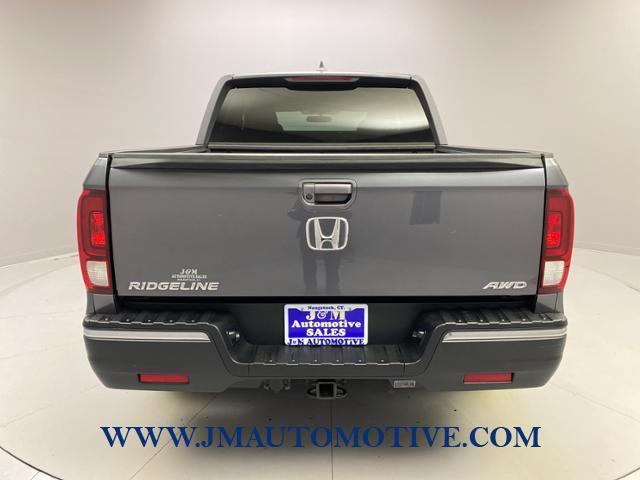 Used Honda Ridgeline RTL 4x4 Crew Cab 5.3' Bed 2017 | J&M Automotive Sls&Svc LLC. Naugatuck, Connecticut Used Honda Ridgeline RTL 4x4 Crew Cab 5.3' Bed 2017 | J&M Automotive Sls&Svc LLC. Naugatuck, Connecticut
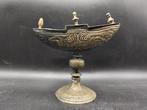 Wierookvat - Zilverbrons - Navicella Liturgica, Antiek en Kunst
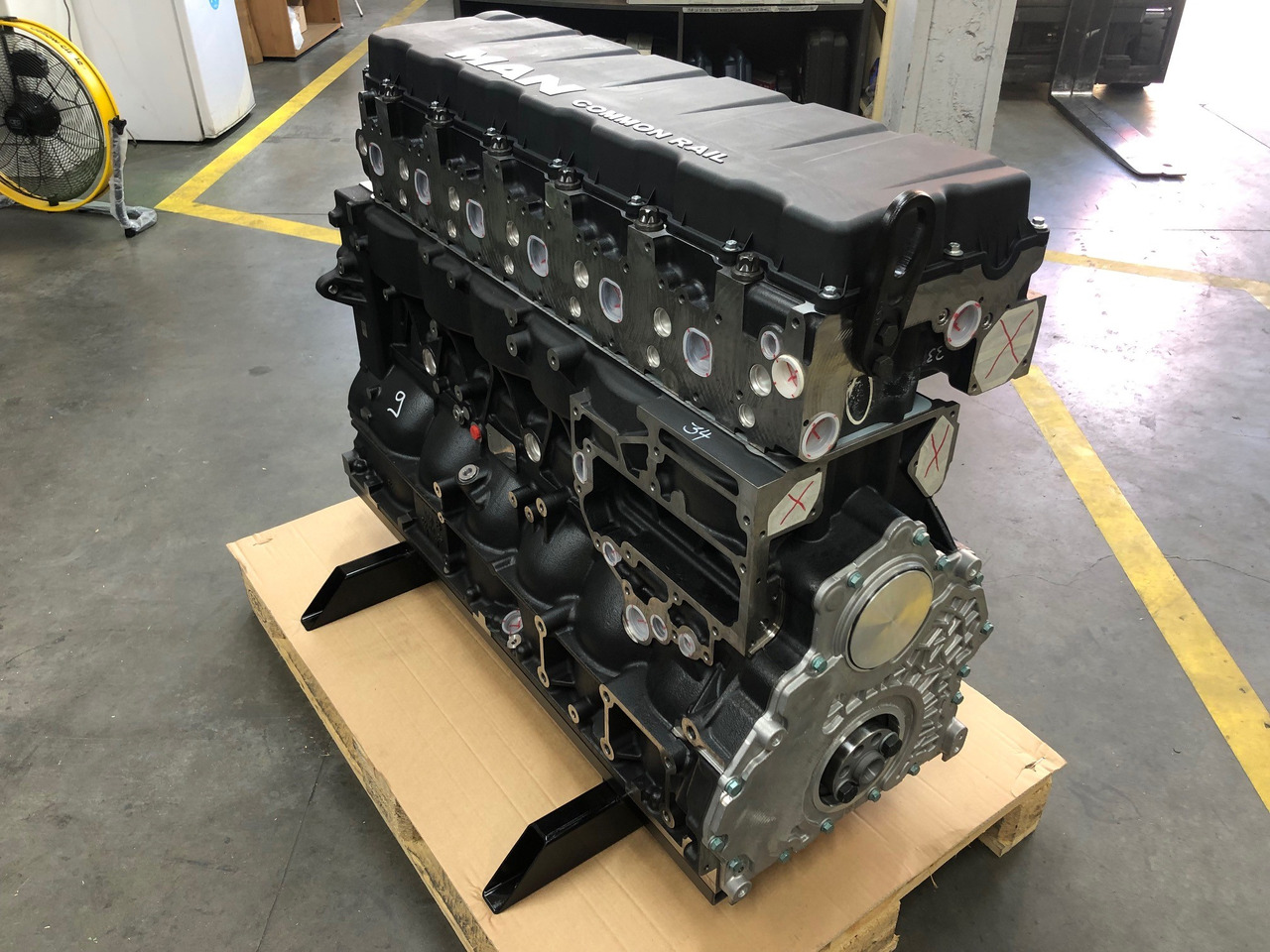 MOTORE ALLEGGERITO MAN D2676LOH35 / D2676 LOH35 - D2676LOH36 / D2676 LOH36 - D2676LOH37 / D2676 LOH37 (bus) - Motor por Ônibus: foto 5 MOTORE ALLEGGERITO MAN D2676LOH35 / D2676 LOH35 - D2676LOH36 / D2676 LOH36 - D2676LOH37 / D2676 LOH37 (bus) - Motor por Ônibus: foto 5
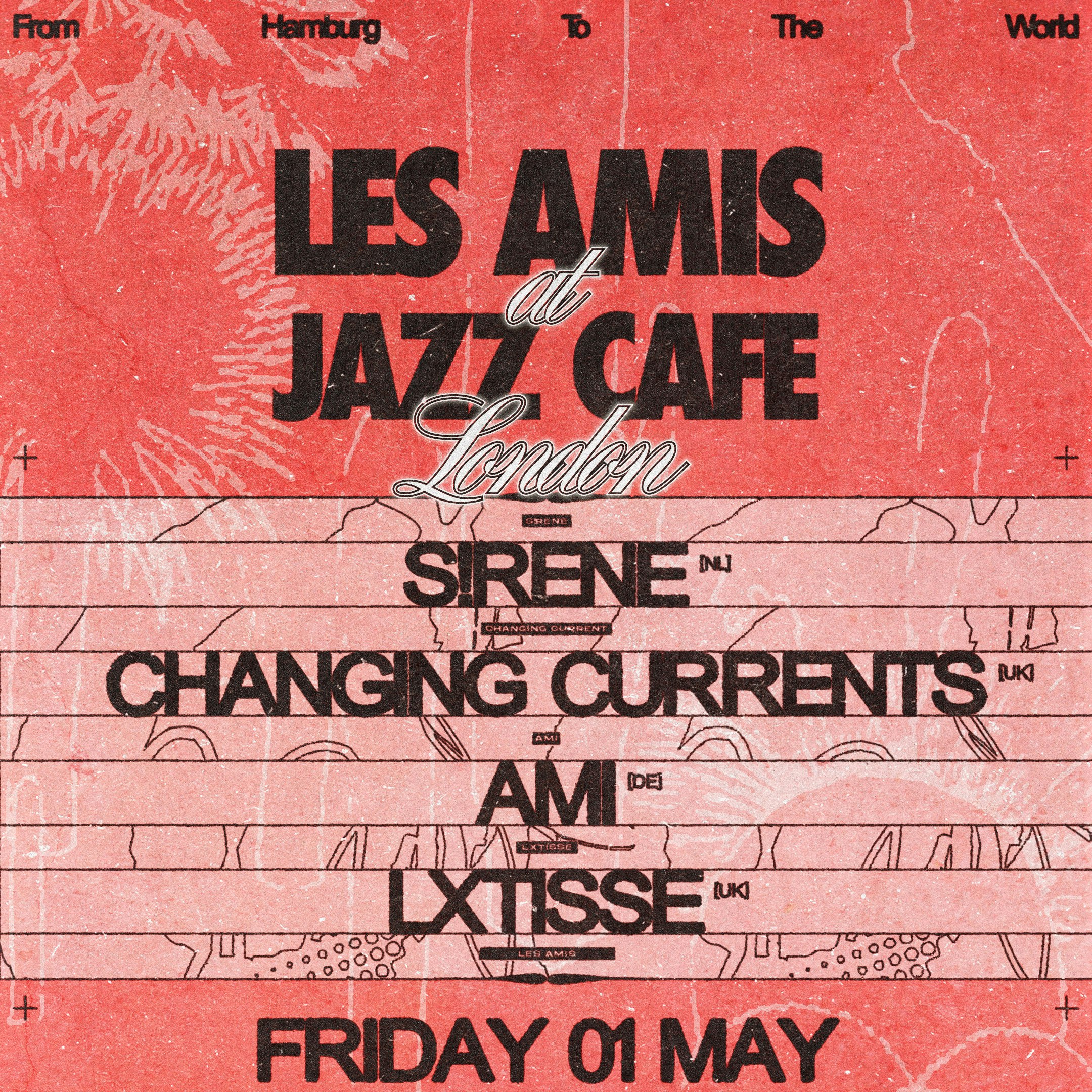 Les Amis at Jazz Cafe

→ **Task goal**:
Nothing but the lines from the one with "Wierookvat - Zilverbrons" through the last line of the material above should appear in the answer, each copied exactly, with no pictures.

→ **Result of the exercise**:
 Wierookvat - Zilverbrons - Navicella Liturgica, Antiek en Kunst
 MOTORE ALLEGGERITO MAN D2676LOH35 / D2676 LOH35 - D2676LOH36 / D2676 LOH36 - D2676LOH37 / D2676 LOH37 (bus) - Motor por Ônibus: foto 5 MOTORE ALLEGGERITO MAN D2676LOH35 / D2676 LOH35 - D2676LOH36 / D2676 LOH36 - D2676LOH37 / D2676 LOH37 (bus) - Motor por Ônibus: foto 5
 Les Amis at Jazz Cafe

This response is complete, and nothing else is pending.